Then, as depicted in FIG. 6, after the second upright end 39 of the rammer 28 engages an artillery projectile or propellant charge 34, the bias elements 30 are released from their compressed state, thereby translating the rammer piston 35 towards tube 17, which pushes the actuating fluid 22 into the inner chamber 43 of the regeneration cylinder 42. In other words, the rammer piston 35 retracts, thereby displacing the actuating fluid 22 from the rammer chamber 15 into the regeneration cylinder 42. This is further accomplished by closing the valve 26 in tube 17 and opening the valve 45 in the regeneration cylinder entry tube 44. That is, the valve 26 between the pressure accumulator 19 and rammer chamber 15 is closed to prevent the actuating fluid 22 from re-entering the pressure accumulator 19, and the valve 45 from the rammer chamber 15 to the regeneration cylinder 42 is opened. Some of the actuating fluid 22 may enter the regeneration cylinder exit tube 41. However, with the check valve 40 closed, the actuating fluid 22 is prevented from entering the pressure accumulator 19. Furthermore, as the actuating fluid 22 enters the inner chamber 43 of the regeneration cylinder 42, the actuating fluid 22 engages the first surface 51 of the upright cylindrical end 46 of the regeneration piston 48, thereby causing the regeneration piston 48 to translate in a direction towards the recoil mass 50, and further causing compression of the bias elements 47 positioned between the second surface 49 of the upright cylindrical end 46 and the inner back wall 52 of the regeneration cylinder 42.
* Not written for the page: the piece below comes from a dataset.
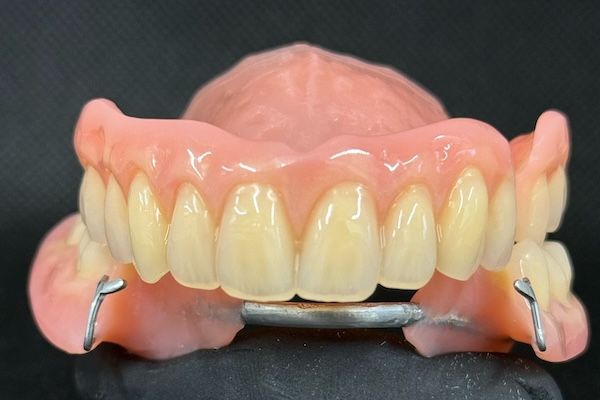 partial denture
FIG. 7 illustrates the next sequence in the regeneration process, wherein recoil motion of the gun/cannon (not shown) causes the recoil mass 50 to force the regeneration piston 48 in a direction opposite to the recoil mass 50, thereby releasing the compressed bias elements 47 and pushing the actuating fluid 22 into the regeneration cylinder exit tube 41. As such, when the pressure is sufficiently high, the actuating fluid 22 is forced from the regeneration cylinder 42 back into the pressure accumulator 19 via the open check valve 40. The valve 45 in the regeneration cylinder entry tube 44 as well as the valve 26 in the tube 17 is closed to prevent the actuating fluid from re-entering the rammer chamber 15. The regeneration process is generally complete at this point, and the rammer system 31 is now set to begin the ramming process again (i.e., the sequence repeats as illustrated in FIGS. 4-7).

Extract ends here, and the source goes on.